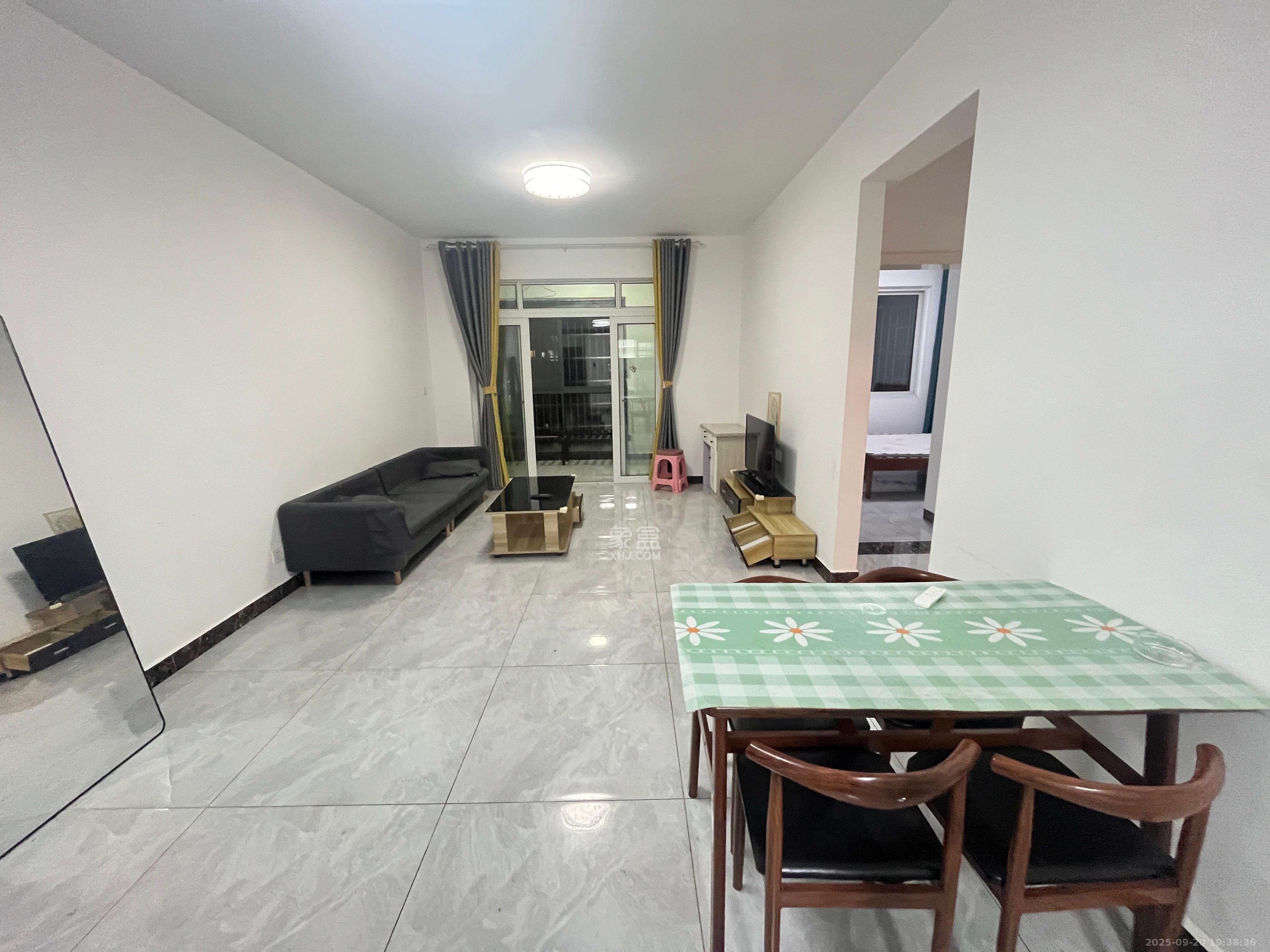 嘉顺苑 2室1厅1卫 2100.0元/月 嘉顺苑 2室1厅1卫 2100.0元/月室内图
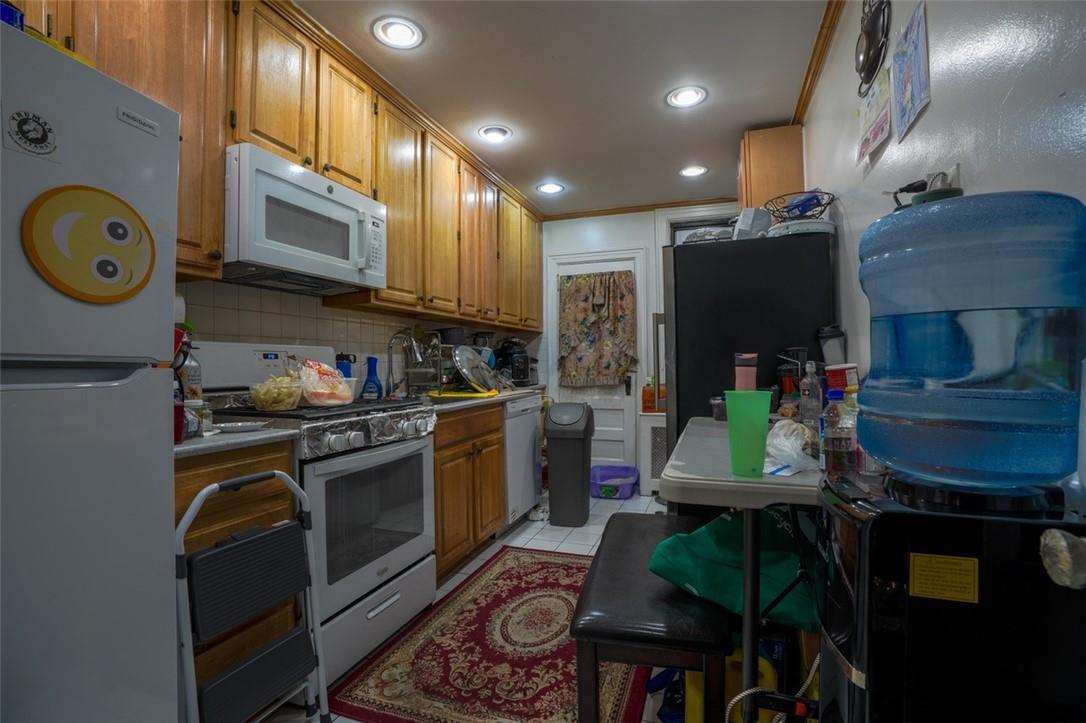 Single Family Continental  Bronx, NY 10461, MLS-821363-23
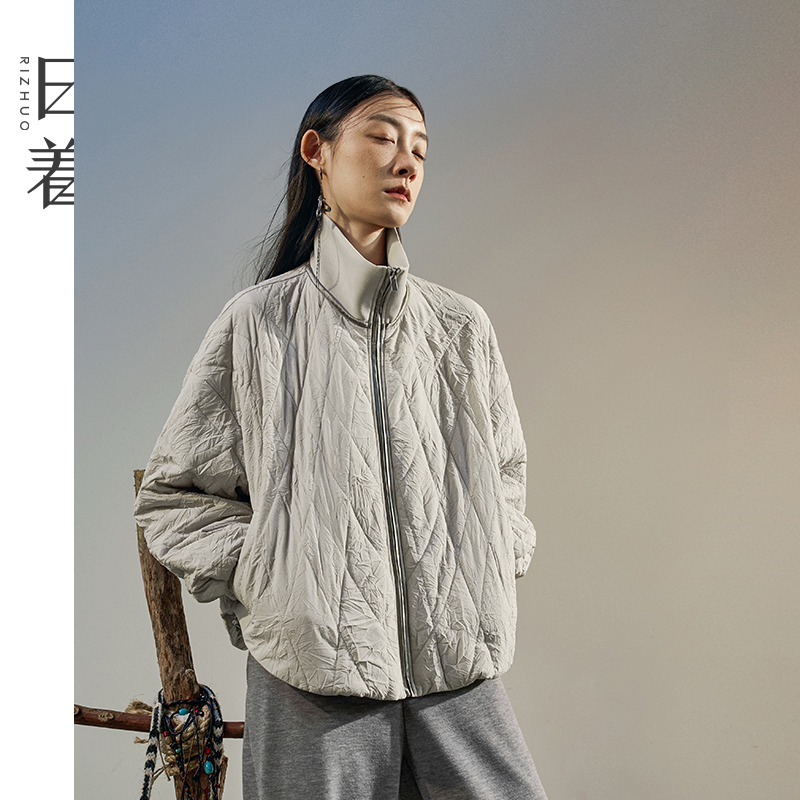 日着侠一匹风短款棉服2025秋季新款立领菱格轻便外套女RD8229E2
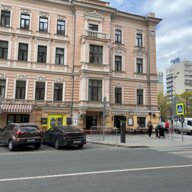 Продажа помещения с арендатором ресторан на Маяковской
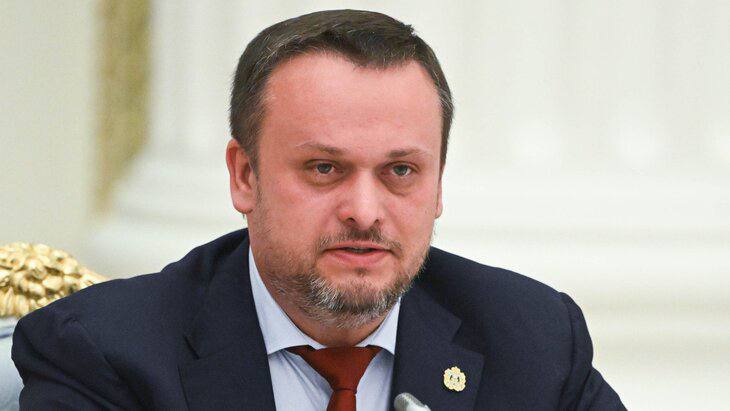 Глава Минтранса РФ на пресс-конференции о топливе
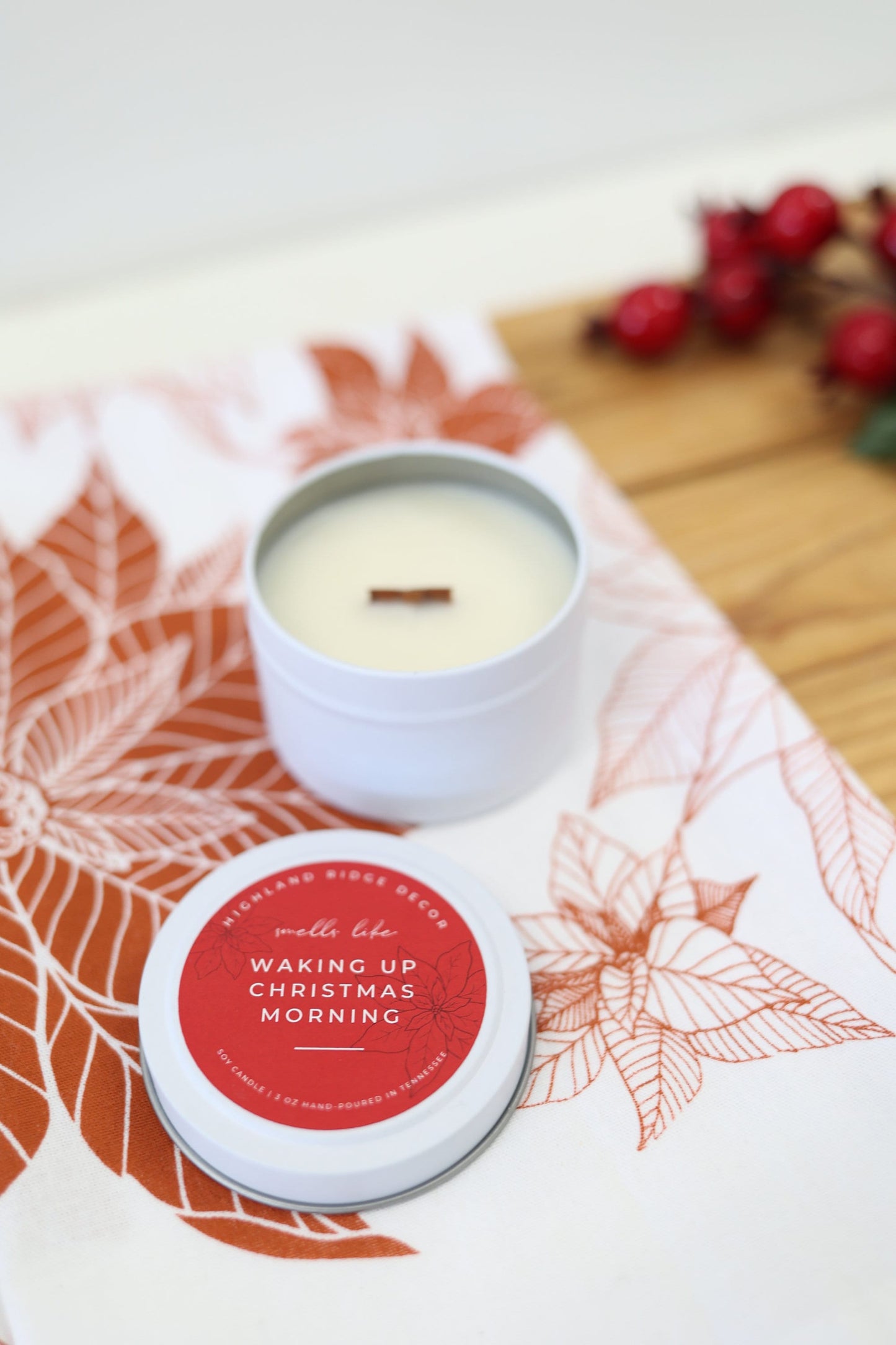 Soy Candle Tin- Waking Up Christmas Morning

☆ ☆ ☆ ☆ ☆ ☆ ☆

_Exercise objective_. An exact copy of each entry is required, minus the pictures.

_Response to the task_.
 嘉顺苑 2室1厅1卫 2100.0元/月 嘉顺苑 2室1厅1卫 2100.0元/月室内图
 Single Family Continental  Bronx, NY 10461, MLS-821363-23
 日着侠一匹风短款棉服2025秋季新款立领菱格轻便外套女RD8229E2
 Продажа помещения с арендатором ресторан на Маяковской
 Глава Минтранса РФ на пресс-конференции о топливе
 Soy Candle Tin- Waking Up Christmas Morning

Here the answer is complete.